The Legislature’s Budget and Audit Committee last Thursday approved a “friendly lawsuit” against the Dunleavy administration, seeking to settle a long-running dispute between the Legislature and executive branch over where the money from a decision on how oil taxes are calculated should be deposited.
It’s an issue that pre-dates the Dunleavy administration—something that legislators were sure to reiterate throughout the discussion on the lawsuit, which was approved for up to $100,000—and deals with Federal Energy Regulatory Commission decisions that limited how much of the expenses from the trans-Alaska Pipeline System oil companies can deduct against their tax bills (therefore increasing their taxes).

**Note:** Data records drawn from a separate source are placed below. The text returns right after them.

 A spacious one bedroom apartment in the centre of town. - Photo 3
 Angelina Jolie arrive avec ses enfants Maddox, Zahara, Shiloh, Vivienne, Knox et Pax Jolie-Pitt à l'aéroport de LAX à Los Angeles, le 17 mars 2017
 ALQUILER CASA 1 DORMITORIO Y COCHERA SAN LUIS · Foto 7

“This is a friendly lawsuit,” said committee chair Sen. Natasha von Imhof. “It is just trying to determine interpretation of an accounting process. This is not antagonistic. That’s not the sense of this committee.”

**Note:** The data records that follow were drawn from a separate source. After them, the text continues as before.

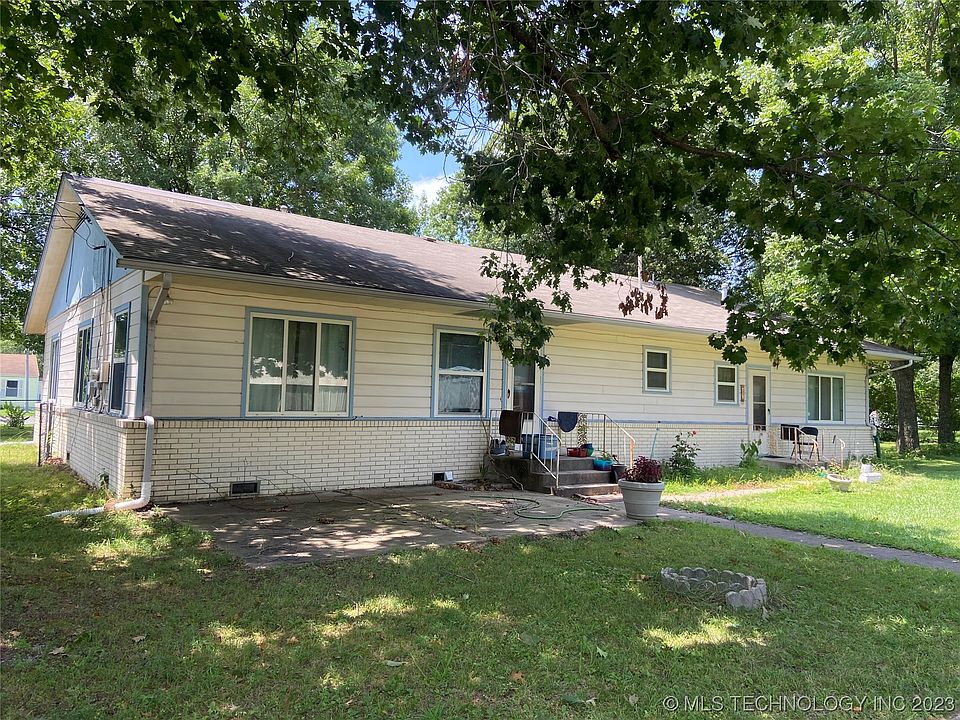 911 S McQuarrie Ave, Wagoner, OK 74467 MLS 2324690 Zillow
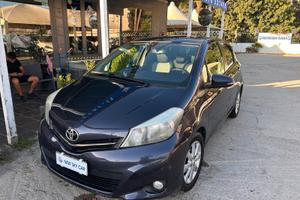 Toyota Yaris 1.4 D-4D 5 porte Lounge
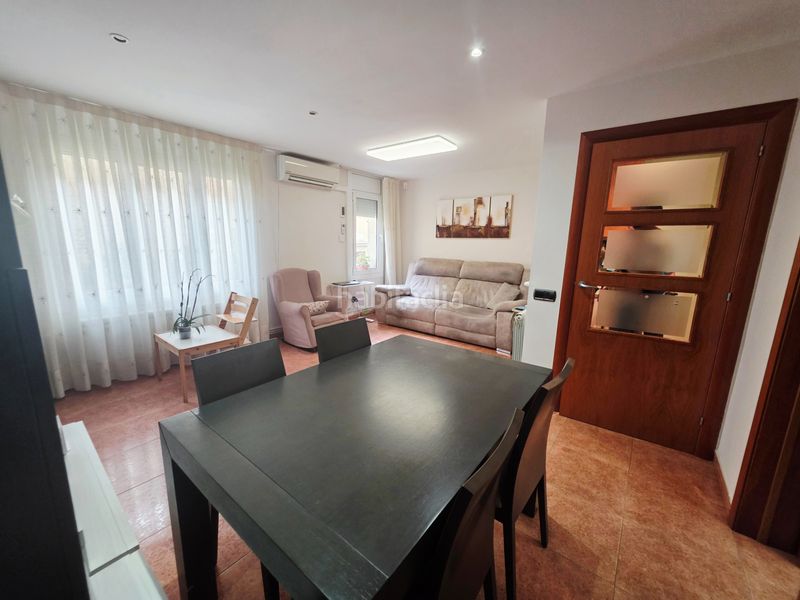 Foto ec3f479e-a0d7-4548-b480-1c3cb412a7eb. Flat with heating in Can Rull Sabadell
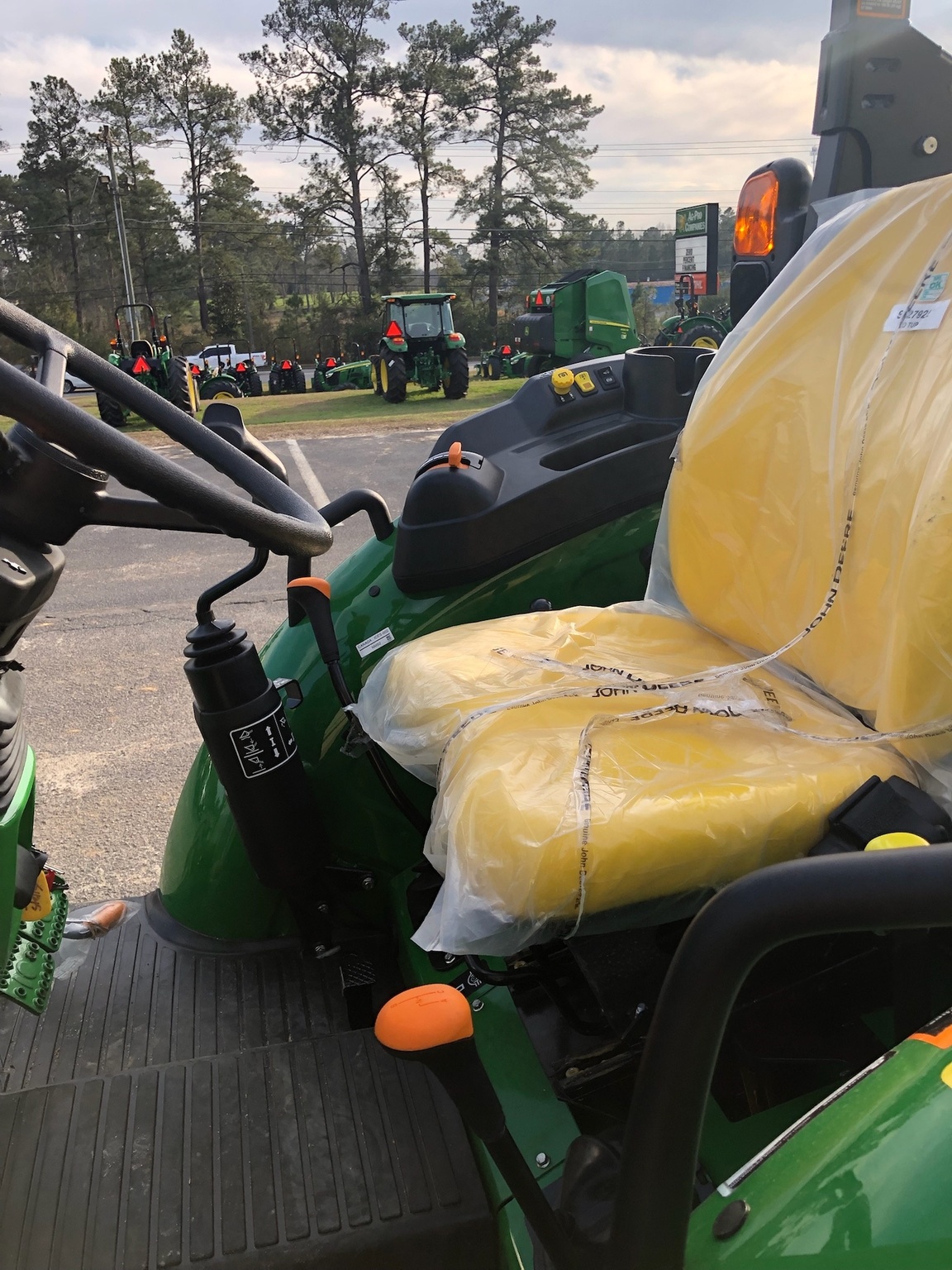 2025 John Deere 5067E Image 5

The issue centers around whether the additional revenue—which so far totals about $1.5 billion—should have been deposited into the Constitutional Budget Reserve, as the Legislature and its auditor believes is the case, or whether the Walker and Dunleavy administrations were right to deposit them into the state’s general fund. The practice started in the last years of the Walker administration and has continued under the Dunleavy administration.
It has resulted in several years where the audits from the Legislature’s auditor have been delivered with the “qualified” status, which von Imhof said could scare away potential investors.

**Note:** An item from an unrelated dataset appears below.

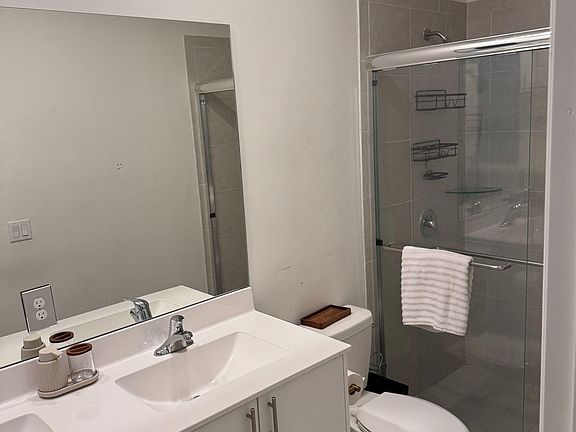 Double sink Walk-in Shower Private bathroom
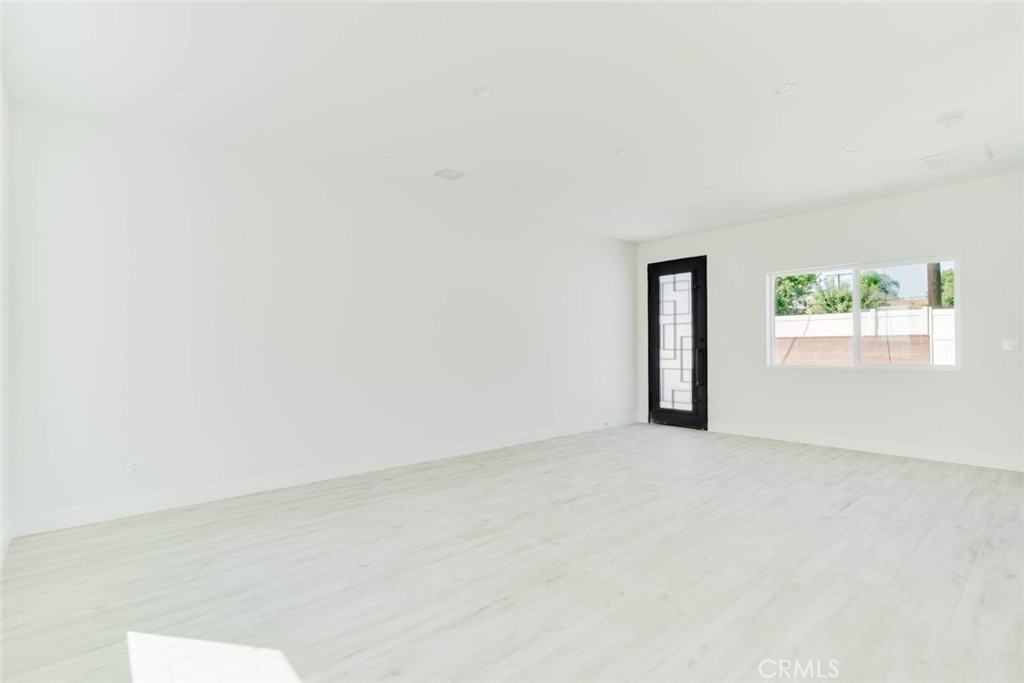 8312 Canterbury Avenue - Photo 3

The difference in accounting not only impacts the amount of money available for each year’s budget because the general fund is much easier to spend than the Constitutional Budget Reserve, but how much money is owed to the Constitutional Budget Reserve.
That last bit is important because the Constitutional Budget Reserve—which takes a 3/4 majority in both the House and Senate to spend—has a provision that requires the any withdrawals be eventually paid back. That figure is north of $12 billion thanks to the decline of oil prices through most of the 2010s, and legislators are concerned that this $1.5 billion could add to that figure even more.
“The Legislature feels that we owe the $1.5 billion roughly to the CBR,” said Sen. Bert Stedman, R-Sitka. “It will have an impact at some point in the future when and if we ever pay back the CBR. We would have to actually pay back more, and we need to clarify the issue.”
When the Constitutional Budget Reserve is owed money, the Alaska Constitution calls for most funds left over at the end of the year to be swept up for the repayment. It became a source of several not-so-friendly lawsuits with the Dunleavy administration, which unilaterally expanded the scope of the sweep to liquidate funds that fueled programs like the Power Cost Equalization program, the state’s scholarship program, Alaska Marine Highway System’s vessel replacement funds and several others. (The courts eventually found Dunleavy was technically right to liquidate some but wrong to liquidate the PCE fund.)
While issues with the sweep have largely been settled with the courts, who ruled that the funds could be spared from the sweep by the Legislature essentially passing legislation that says they’re exempt from the sweep, it’s now up to the courts to play referee on the state’s savings accounts.
“This is not a political spat between the two branches of government at all,” Stedman said. “It’s a technical discussion and technical disagreement on the balance of the Constitutional Budget Reserve that goes back to the previous administration. We just need to move forward, and have it settled by the third branch of government so we can have an agreed-upon set of books.”